=== DATA LISTING ===
______________________________
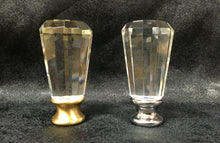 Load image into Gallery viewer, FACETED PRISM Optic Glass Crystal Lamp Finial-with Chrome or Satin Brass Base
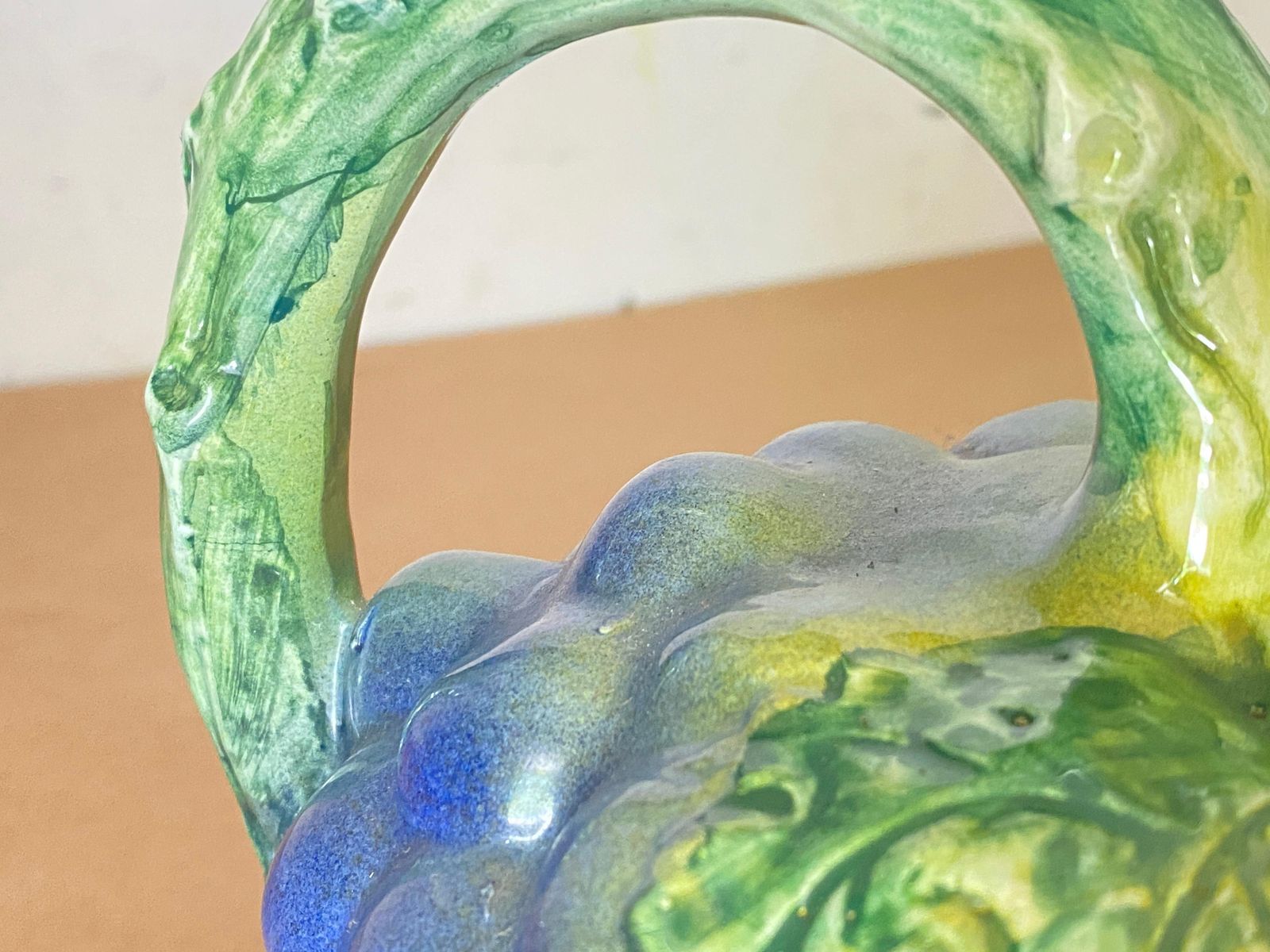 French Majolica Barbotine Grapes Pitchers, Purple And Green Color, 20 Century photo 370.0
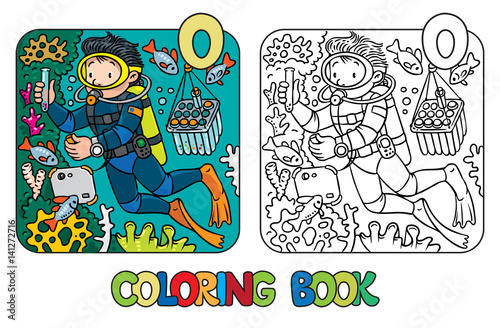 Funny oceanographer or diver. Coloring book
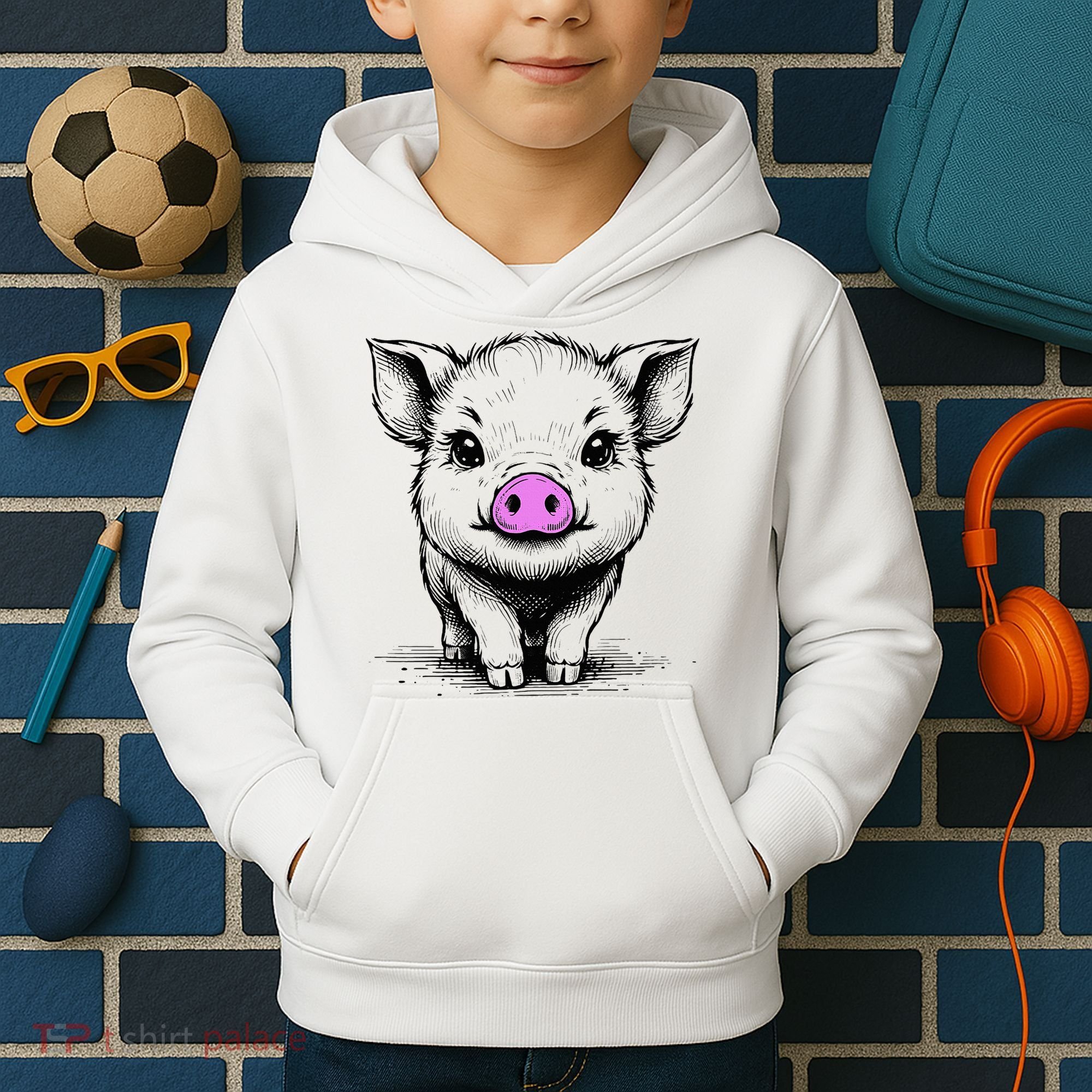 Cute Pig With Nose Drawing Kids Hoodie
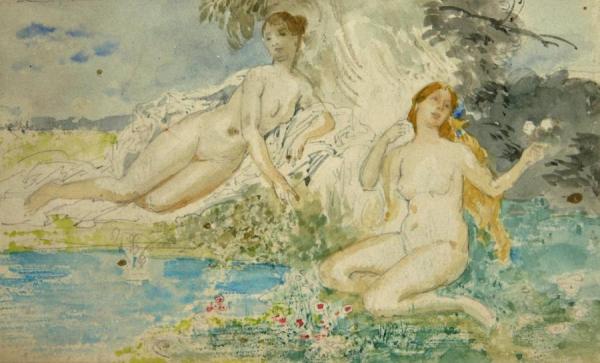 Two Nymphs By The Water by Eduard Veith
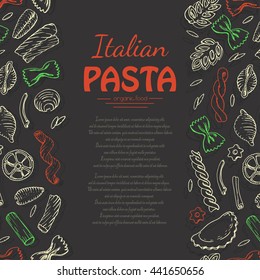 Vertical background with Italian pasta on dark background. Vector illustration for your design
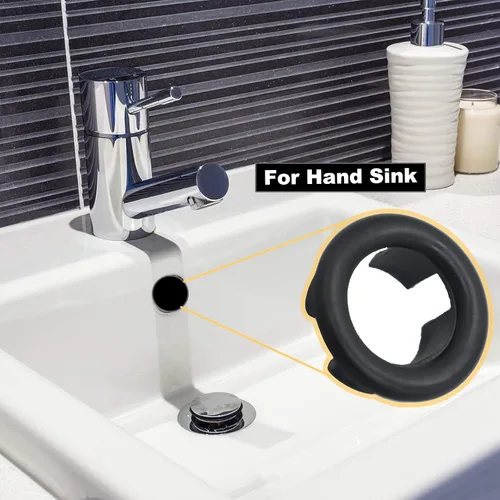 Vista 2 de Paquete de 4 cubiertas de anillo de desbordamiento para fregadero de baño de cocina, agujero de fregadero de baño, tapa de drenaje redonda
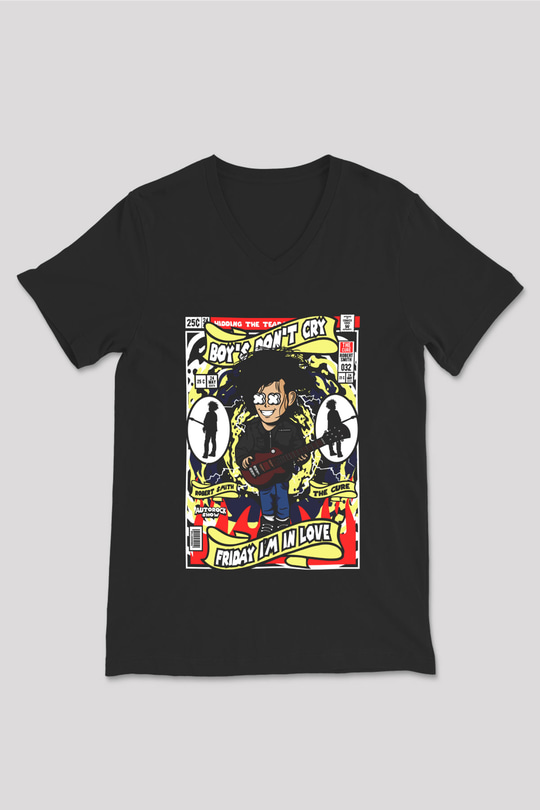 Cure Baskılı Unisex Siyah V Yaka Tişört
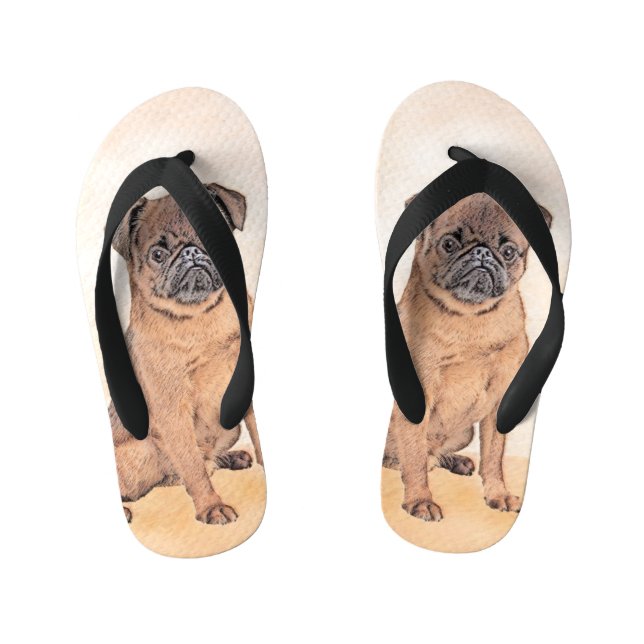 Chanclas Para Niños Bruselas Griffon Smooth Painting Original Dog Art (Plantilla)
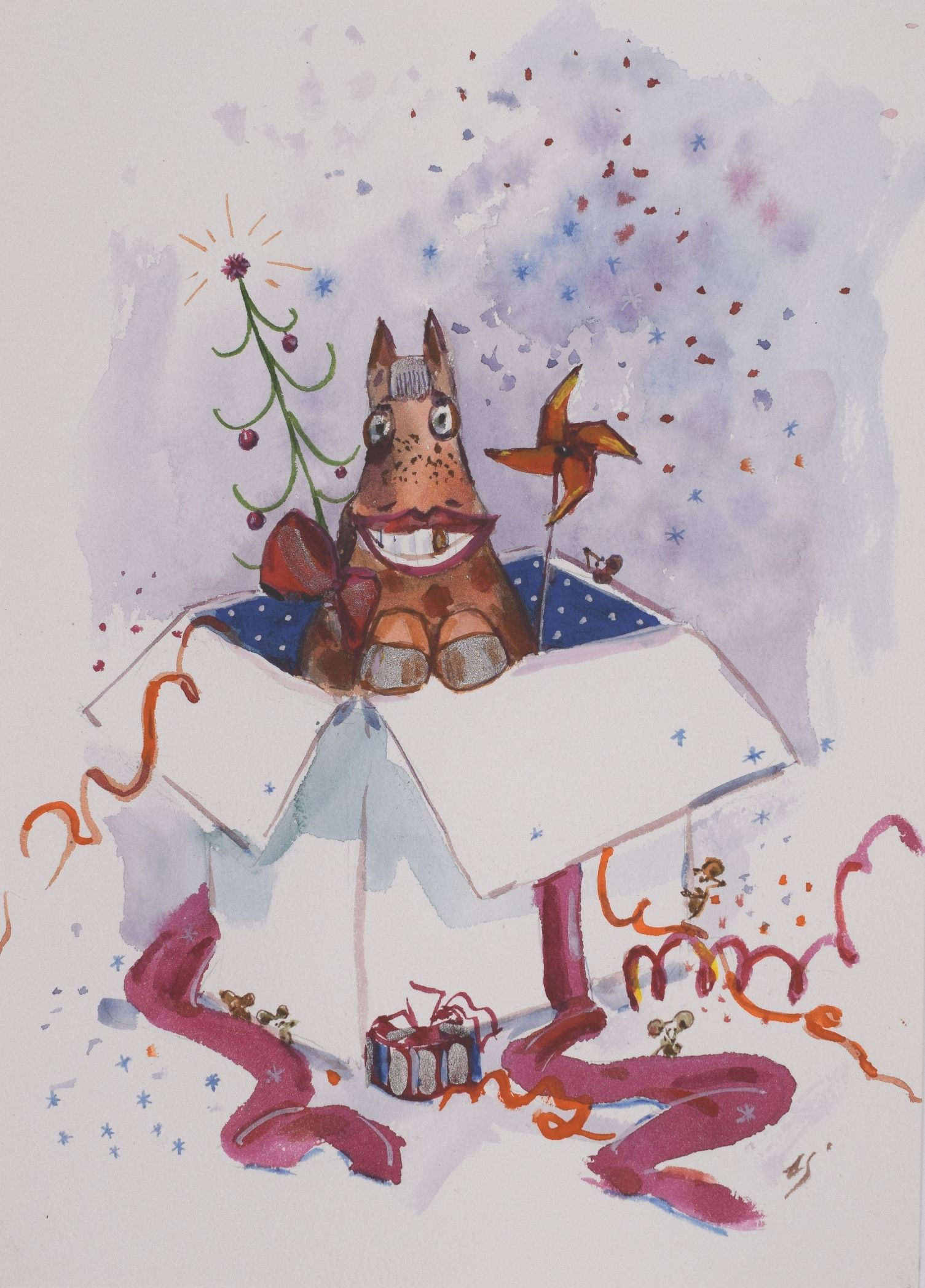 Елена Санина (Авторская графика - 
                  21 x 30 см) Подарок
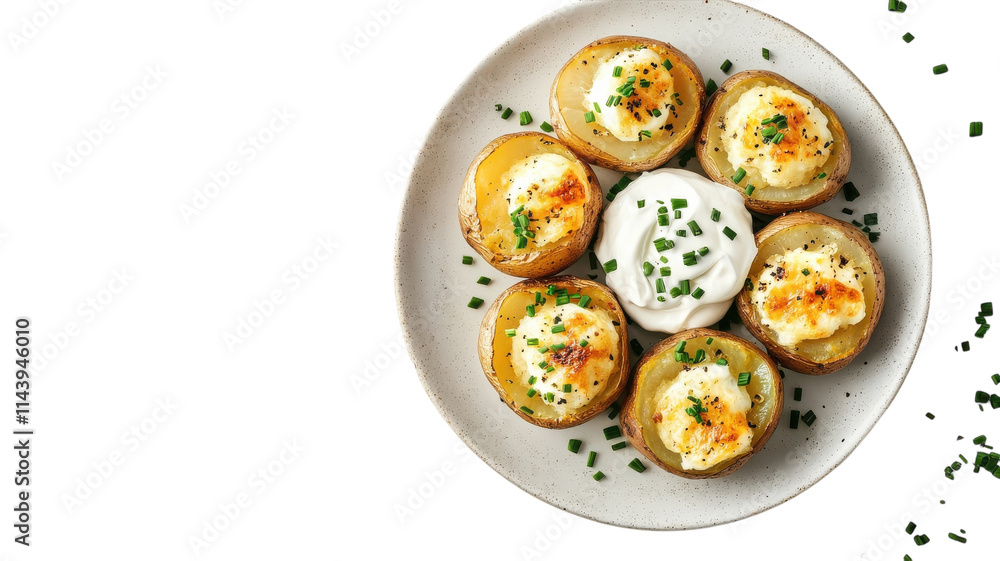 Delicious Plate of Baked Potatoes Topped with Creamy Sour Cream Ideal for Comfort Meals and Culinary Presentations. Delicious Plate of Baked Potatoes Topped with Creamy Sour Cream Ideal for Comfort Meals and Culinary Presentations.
______________________________
=== ASSIGNMENT ===
In the copy, include no pictures; transcribe every record above verbatim.

=== ANSWER SECTION ===
 Load image into Gallery viewer, FACETED PRISM Optic Glass Crystal Lamp Finial-with Chrome or Satin Brass Base
 French Majolica Barbotine Grapes Pitchers, Purple And Green Color, 20 Century photo 370.0
 Funny oceanographer or diver. Coloring book
 Cute Pig With Nose Drawing Kids Hoodie
 Two Nymphs By The Water by Eduard Veith
 Vertical background with Italian pasta on dark background. Vector illustration for your design
 Vista 2 de Paquete de 4 cubiertas de anillo de desbordamiento para fregadero de baño de cocina, agujero de fregadero de baño, tapa de drenaje redonda
 Cure Baskılı Unisex Siyah V Yaka Tişört
 Chanclas Para Niños Bruselas Griffon Smooth Painting Original Dog Art (Plantilla)
 Елена Санина (Авторская графика - 
                  21 x 30 см) Подарок
 Delicious Plate of Baked Potatoes Topped with Creamy Sour Cream Ideal for Comfort Meals and Culinary Presentations. Delicious Plate of Baked Potatoes Topped with Creamy Sour Cream Ideal for Comfort Meals and Culinary Presentations.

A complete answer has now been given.